Join our new webinar “Harnessing AI Agents for Advanced Fraud Detection” on Feb 13th at 9AM PT  ||  Register today ->

ubiai deep learning

Ensuring Consistent LLM Outputs Using Structured Prompts

Dec 5th, 2024

 

picture of someone who opened ChatGPT tab on his laptop

 

Introduction

 

Large Language Models (LLMs) have revolutionized how we interact with technology, enabling a wide range of applications from content generation to data analysis. However, the effectiveness of these models heavily relies on the quality of the prompts provided.

Structured prompts are essential for guiding LLMs toward generating consistent, relevant, and accurate outputs.

This article dives into the strategies for crafting structured prompts, the significance of clarity and specificity, and the techniques that enhance the reliability of LLM responses.

 

Importance of Structured Prompts

 

Structured prompts are critical in optimizing LLM performance.
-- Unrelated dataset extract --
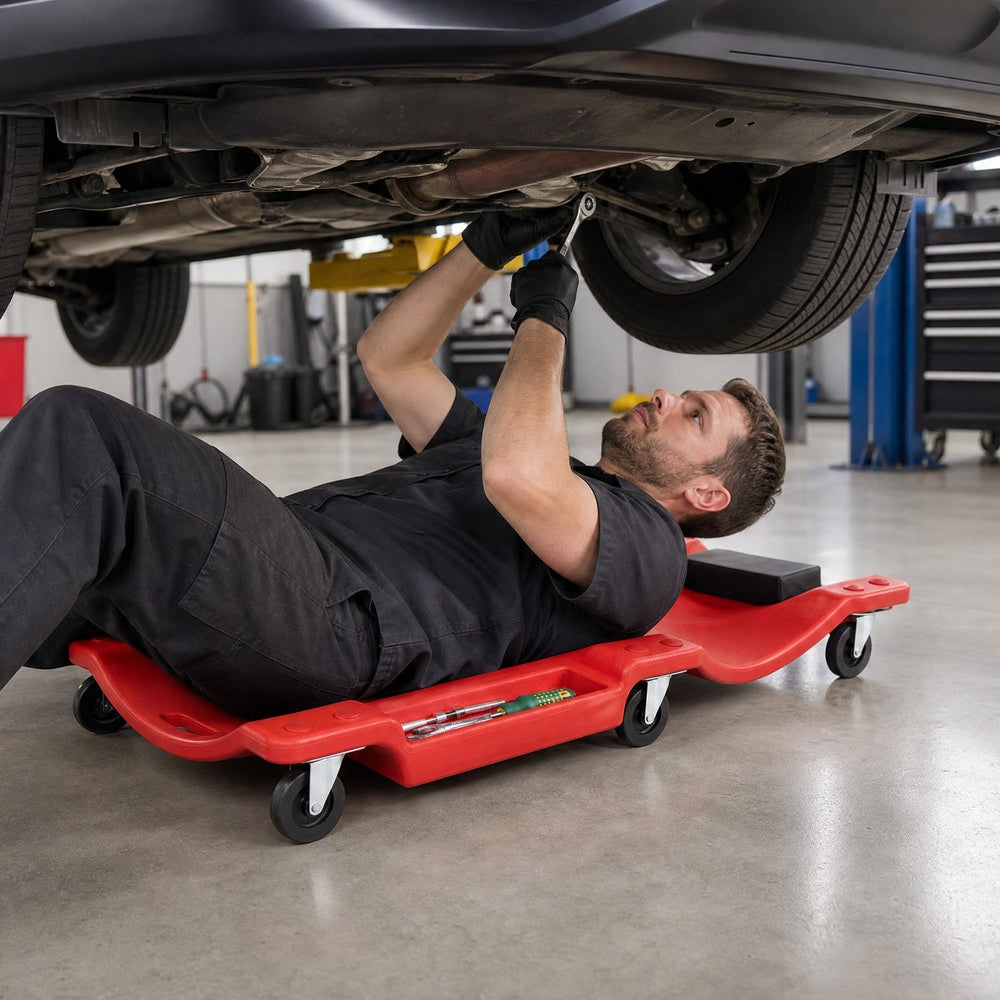 Low Profile Rolling Garage Creeper Padded Headrest-Red product image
They help define the context and expectations for the model, thereby reducing ambiguity and enhancing the relevance of the generated responses.
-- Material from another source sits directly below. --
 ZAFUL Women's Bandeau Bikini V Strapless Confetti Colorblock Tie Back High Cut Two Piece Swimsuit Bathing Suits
A well-structured prompt can significantly improve the model’s ability to understand the task at hand, leading to outputs that are not only accurate but also aligned with user expectations.

 

conversation between a user and OpenAI ChatGPT; the user asked “ help me write a good prompt” and ChatGPT answered him

 

The Role of Clarity and Specificity

 

One of the core principles of effective prompt engineering is clarity and specificity. Prompts should be articulated in a way that leaves little room for interpretation.

Vague prompts often lead to ambiguous results, hindering the model’s performance. For instance, instead of asking, “Tell me about climate change”, a more structured prompt would be, “Provide a summary of the causes and effects of climate change in three bullet points”.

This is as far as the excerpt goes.